So you wanna learn Regex? - Part 3

Posted By : Dan Wilson September 25, 2009 8:25 AM

Welcome to So You Wanna Learn Regex? Part 3.

In our last exercise, we looked at a simple way to wrap a function argument inside a new function. This was accomplished by making a pattern, defining a group and using a back reference. This time we will look at how to clean some strings.

Say for example, that you run a website called The Health Challenge and say for example, you wanted to use some of your fine tax dollar funded research to deliver motivating messages to the members.

Well, you could just happen across Small Steps and just use their content. After all, it is in the public domain. So you happily cut a LARGE chunk of these from the web site, but now you have to clean them.

Assume this set of declarations:

(# 11)  	Avoid food portions larger than your fist.
(# 12) 	Mow lawn with push mower.
(# 13) 	Increase the fiber in your diet.
(# 17) 	Join an exercise group.
(# 20) 	Do yard work.
(# 24) 	Skip seconds.
(# 25) 	Work around the house.
(# 26) 	Skip buffets.
(# 29) 	Take dog to the park.
(# 30) 	Ask your doctor about taking a multi-vitamin.
....( 700 more lines)

What we want, is to turn: (# 11) Avoid food portions larger than your fist. into: Avoid food portions larger than your fist. See, we like the content, we don't like the parentheticals nor the whitespace. Do we flex our forearms in preparation for a copy/paste session? Do we call KeyboardsAreUs.com and have 2 fresh keyboards airdropped, knowing we'll wear out some keys? (if you said yes, please delete your hard drive and apply at KFC.) Regular expressions are our friends. A Regex is a pattern matcher, and it can do stuff. We can see our code is repetitive and the pattern we want is: Get rid of the parentheticals and the extra whitespace. (Same stuff we'd do over and over via cut/paste/etc, isn't it? Though in a copy paste, you are talking about 5 keystrokes per line times 700 lines. That is 3500 keystrokes, unless you type like me, in which case it would be nearly 4 million.)

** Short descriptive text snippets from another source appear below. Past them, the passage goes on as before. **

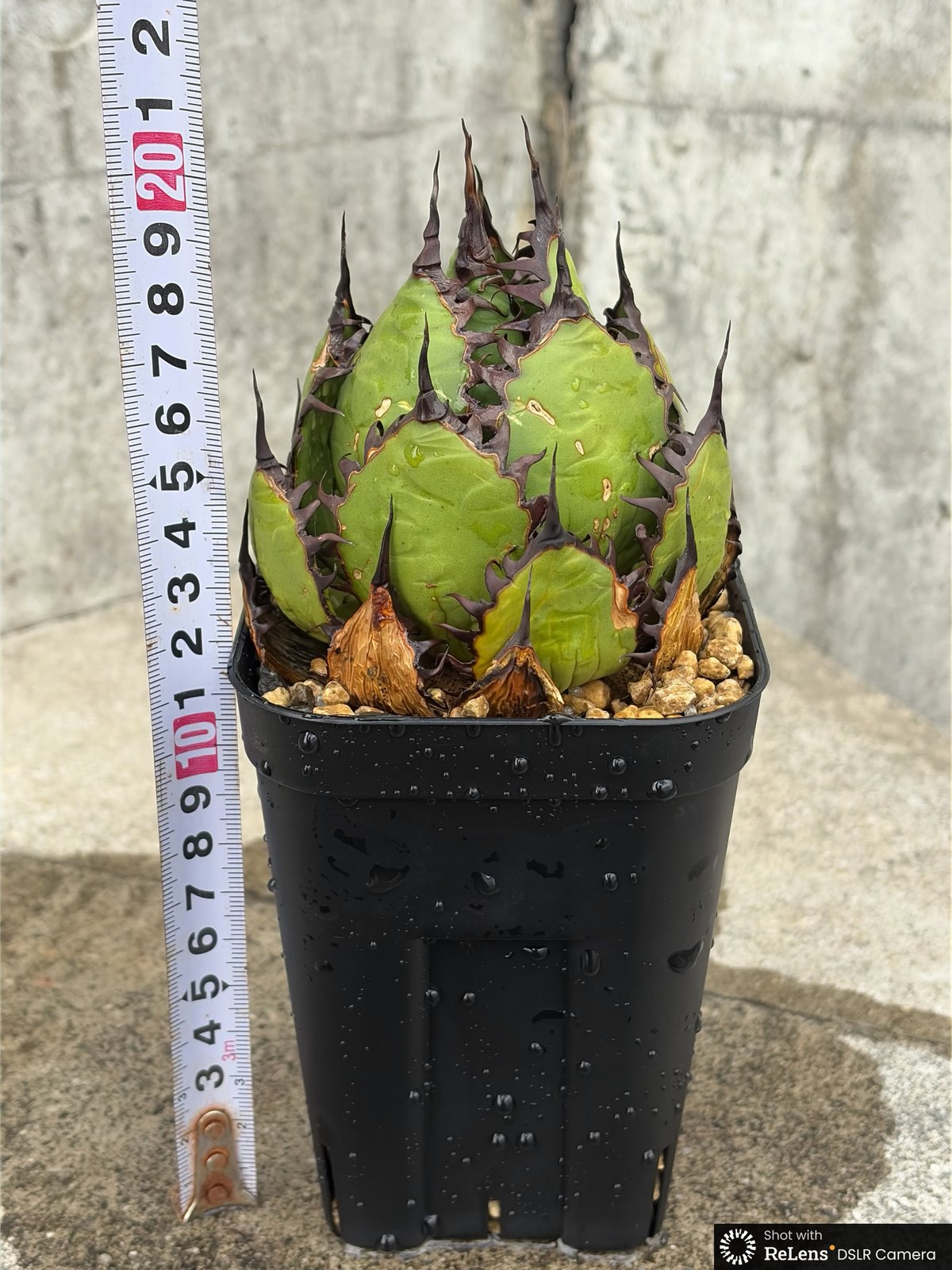 アガベ ホリダ Agave horrida 鉢付き発送 | blackmonster pla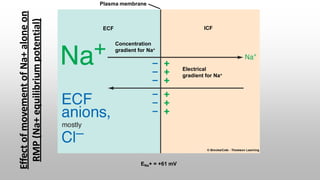 Plasma membrane
ECF ICF
Concentration
gradient for Na+
Electrical
gradient for Na+
ENa+ = +61 mV
Effect
of
movement
of
Na+
alone
on
RMP
(Na+
equilibrium
potential)
 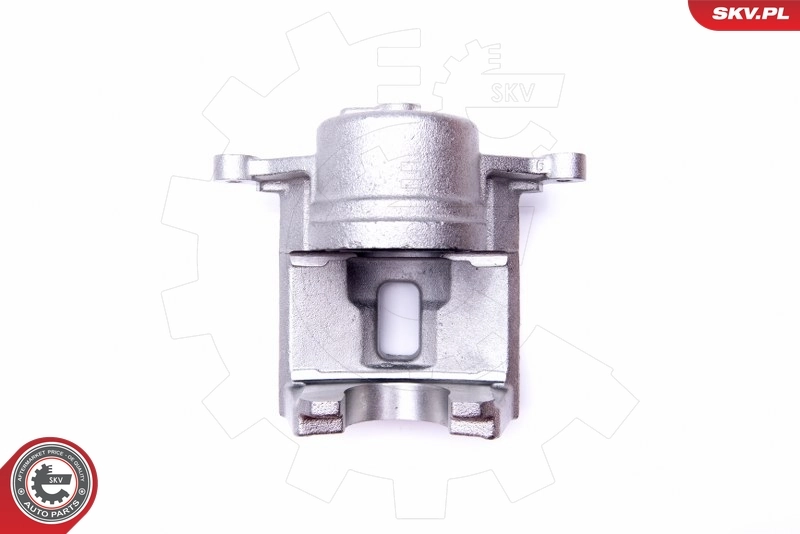 Brake Caliper 45SKV722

So as you know, we define this pattern in the gobbledegook of regular expressions. When read one chunk at a time, these actually make sense. We'll go through the exercise, then look at why it worked.

In Eclipse, perform the following:

Open a new file and paste the above set of declarations: ( remember the chunk above starting with (# 11) Avoid food portions...)
Open the find dialogue (I use CTRL+F) and make sure the Regular Expression option is ticked
Enter the following in the Find: Input \([^\)]*\)[\s]*
Enter the following in the Replace: Input (Leave Empty)
Press Find and make sure the pattern matches what we want
Lastly, press Replace All

You Should Have This:

Avoid food portions larger than your fist.
Mow lawn with push mower.
Increase the fiber in your diet.
Join an exercise group.
Do yard work.
Skip seconds.
Work around the house.
Skip buffets.
Take dog to the park.
Ask your doctor about taking a multi-vitamin.

(if not, you missed a step. Look at the image and compare with what you have in your Find/Replace dialog. Make sure there is no extra whitespace in the find expression)

Blamo! You saved 3,491 keystrokes! Your code is now all properly Formatted, your keyboard is relieved and you didn't even get carpal tunnel syndrome! Let's decode the code, shall we?

Here is the find portion of the regular expression: \([^\)]*\)[\s]+

\( The first character chunk is a backslash followed by an open parenthesis. This means we want to actually find an open parenthesis so we escape it with our friend the backslash. (Otherwise it would indicate a group, and we don't want that.)
[^\)] The next chunk defines any character that is not a close parenthesis. Note it starts with an open bracket, used to define a set. Inside the open bracket is a carat. This means it is opposite day and our set should NOT INCLUDE the whatever follows. What follows is a backslash and a close parenthesis, regexese for a literal ( Then the close bracket.
*\) The next chunk is an asterisk symbol, followed by a backslash and close parenthesis. An asterisk symbol defines 0 or more of the next character in the expression, which is really the next next character, since we need a backslash to escape the close parenthesis. For the visible data, we could have also used a plus, but the real data was a little wonky so we used the asterisk, and it makes for more fun learning, doesn't it?
[\s]+ Last chunk, defines a character set of whitespace (\s) followed with a plus sign, meaning one or more whitespace characters.

All of that defines boundaries for a character walking regular expression gnome to start at the beginning of the line, and mark a boundary past the parenthetical stuff and any whitespace.